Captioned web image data
+++

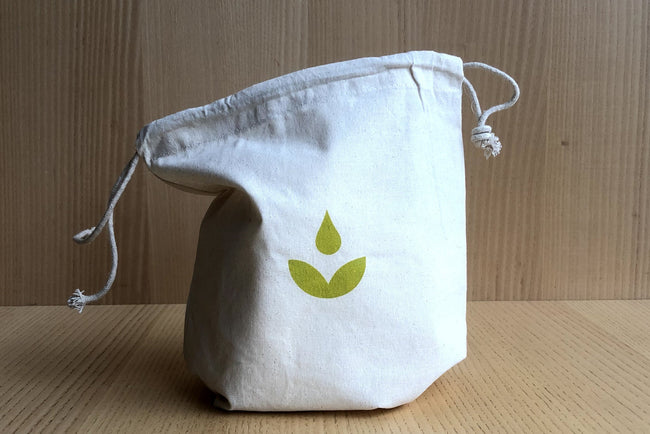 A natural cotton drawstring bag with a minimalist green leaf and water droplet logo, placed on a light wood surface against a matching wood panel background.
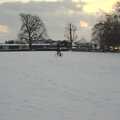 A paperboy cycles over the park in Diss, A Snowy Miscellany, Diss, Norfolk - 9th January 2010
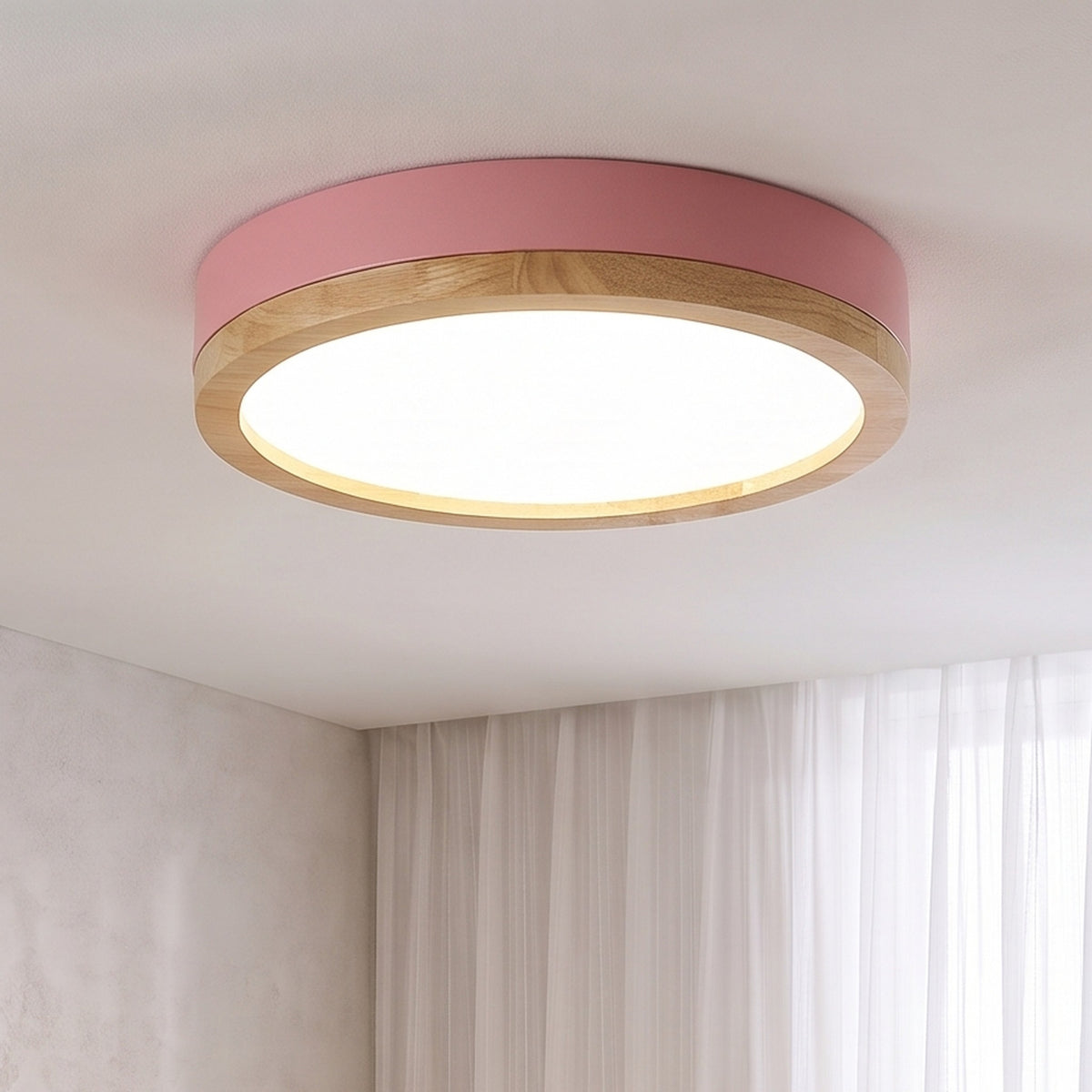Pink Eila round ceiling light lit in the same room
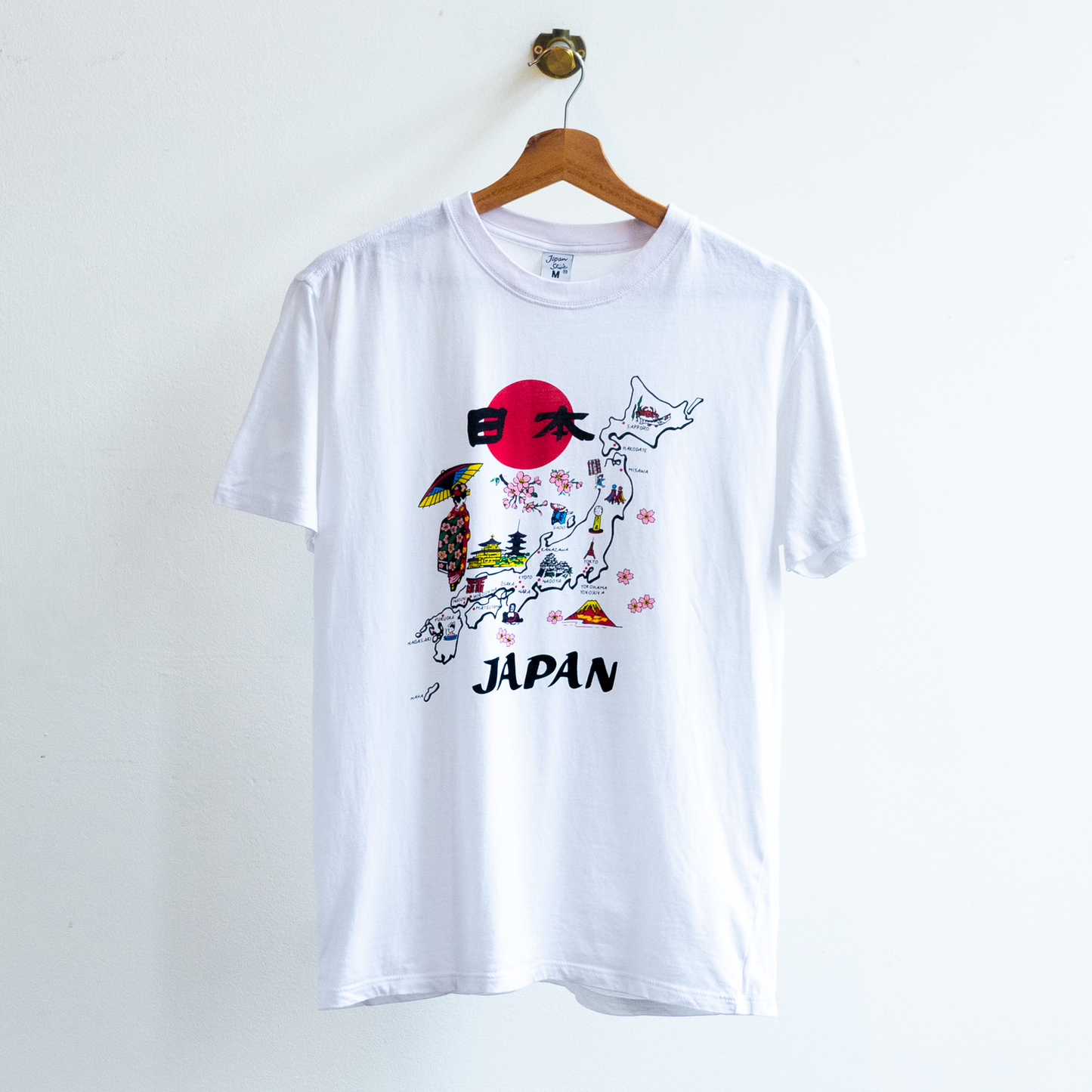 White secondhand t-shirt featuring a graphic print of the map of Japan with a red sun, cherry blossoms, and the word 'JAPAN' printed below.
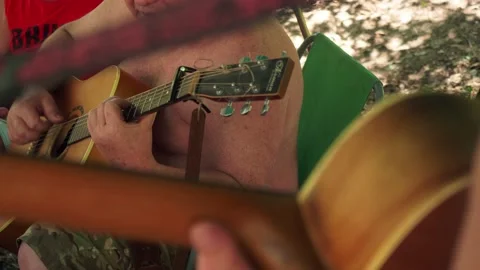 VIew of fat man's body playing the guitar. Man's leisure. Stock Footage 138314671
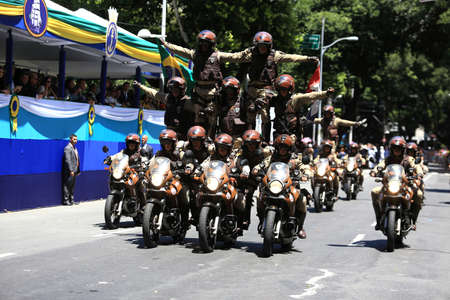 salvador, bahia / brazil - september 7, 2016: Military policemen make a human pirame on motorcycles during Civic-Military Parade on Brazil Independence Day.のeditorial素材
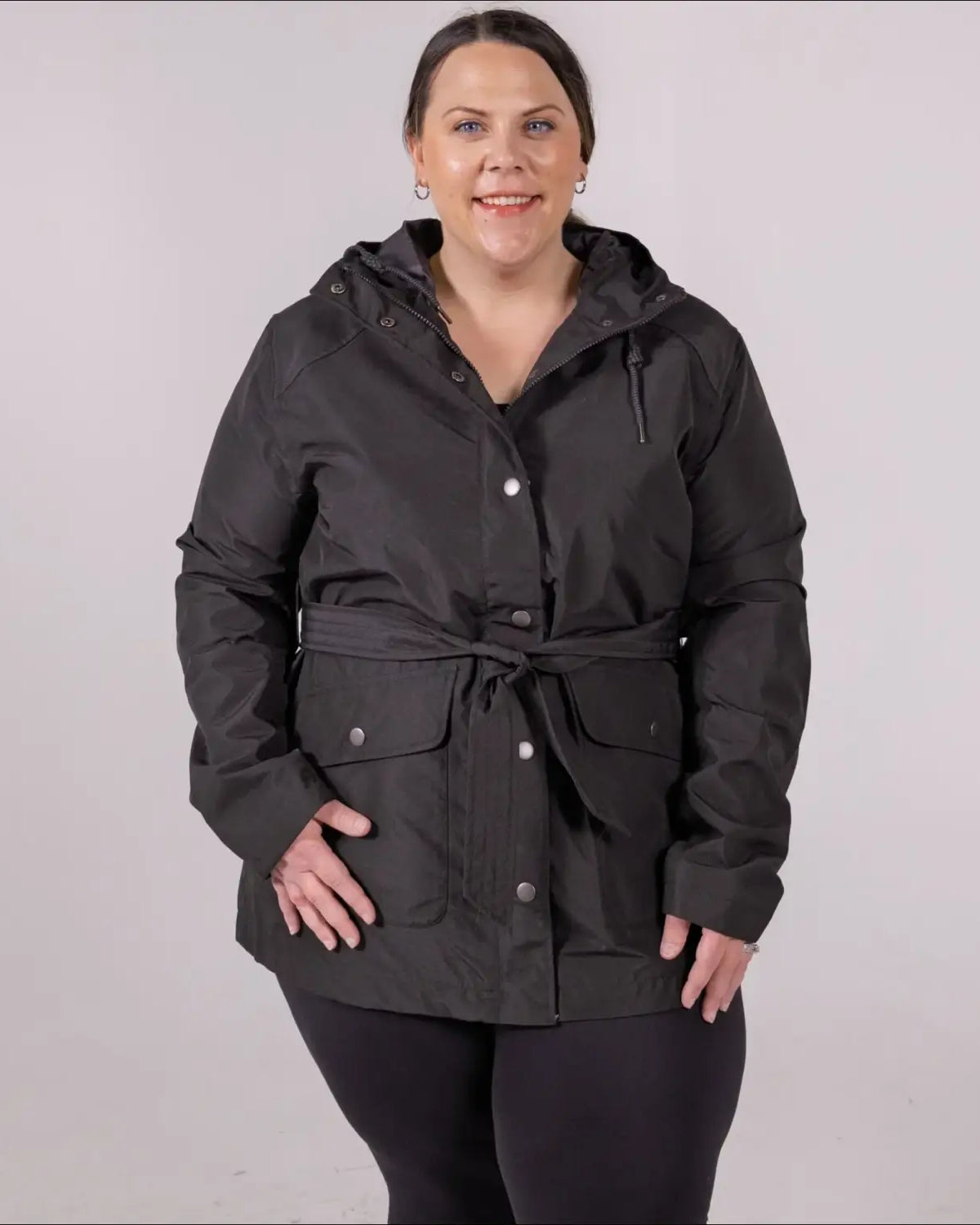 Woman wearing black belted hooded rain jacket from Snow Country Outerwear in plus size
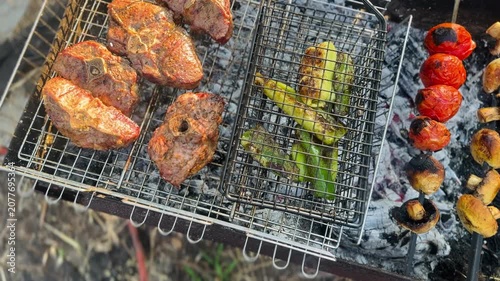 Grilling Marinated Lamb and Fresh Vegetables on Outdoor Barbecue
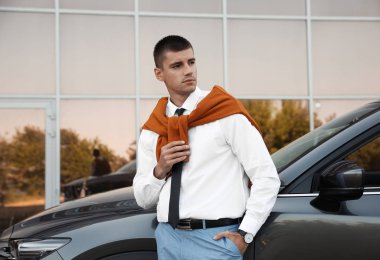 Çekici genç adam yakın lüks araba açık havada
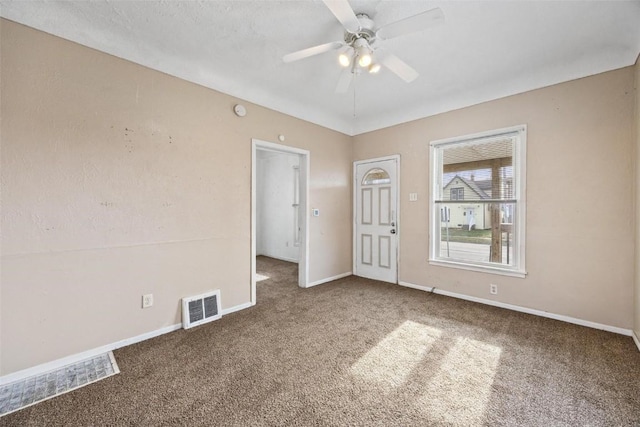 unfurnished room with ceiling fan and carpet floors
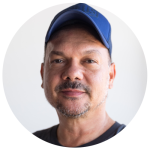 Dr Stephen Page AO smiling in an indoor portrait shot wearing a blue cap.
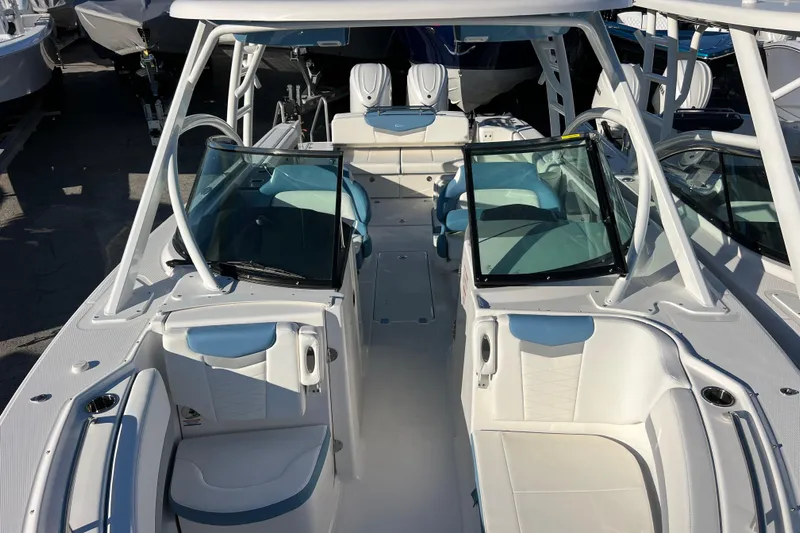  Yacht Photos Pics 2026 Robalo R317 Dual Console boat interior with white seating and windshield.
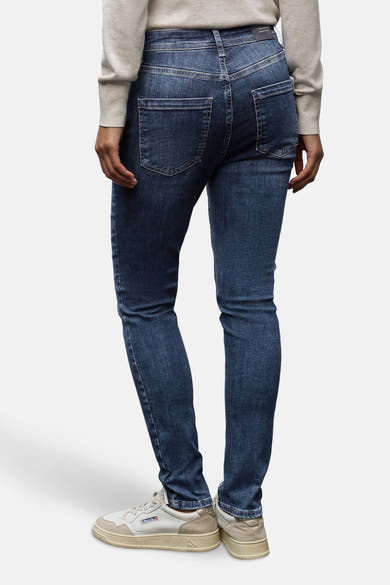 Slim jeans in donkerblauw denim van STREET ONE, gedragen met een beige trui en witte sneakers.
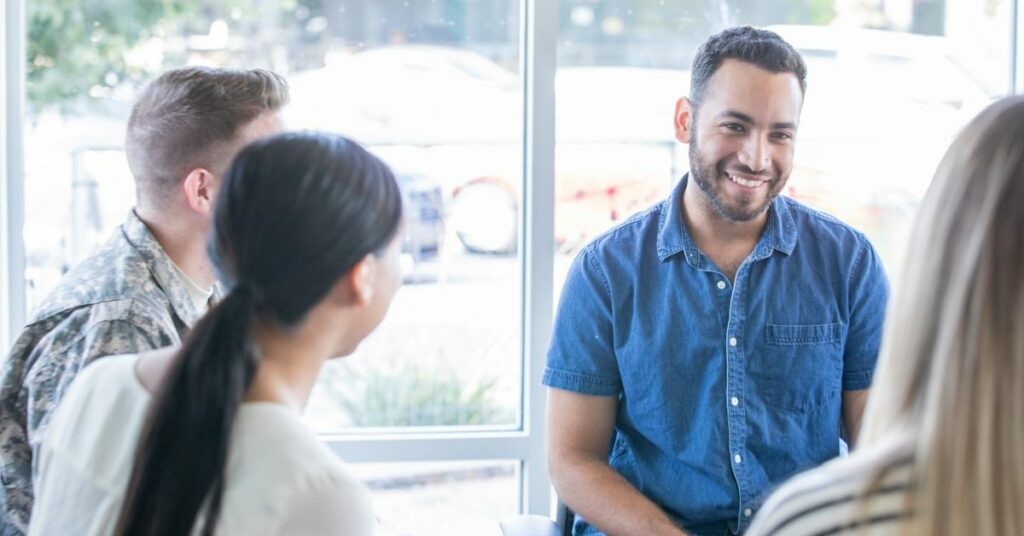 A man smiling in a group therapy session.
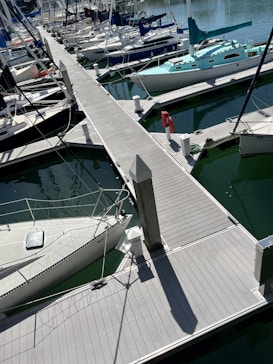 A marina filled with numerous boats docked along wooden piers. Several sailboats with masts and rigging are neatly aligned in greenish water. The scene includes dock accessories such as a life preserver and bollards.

+++

Task to complete –
Output only the stretch above from the line with "White secondhand t-shirt" through the line with "VIew of fat", reproduced exactly. Exclude pictures.

Exercise response –
 White secondhand t-shirt featuring a graphic print of the map of Japan with a red sun, cherry blossoms, and the word 'JAPAN' printed below.
 VIew of fat man's body playing the guitar. Man's leisure. Stock Footage 138314671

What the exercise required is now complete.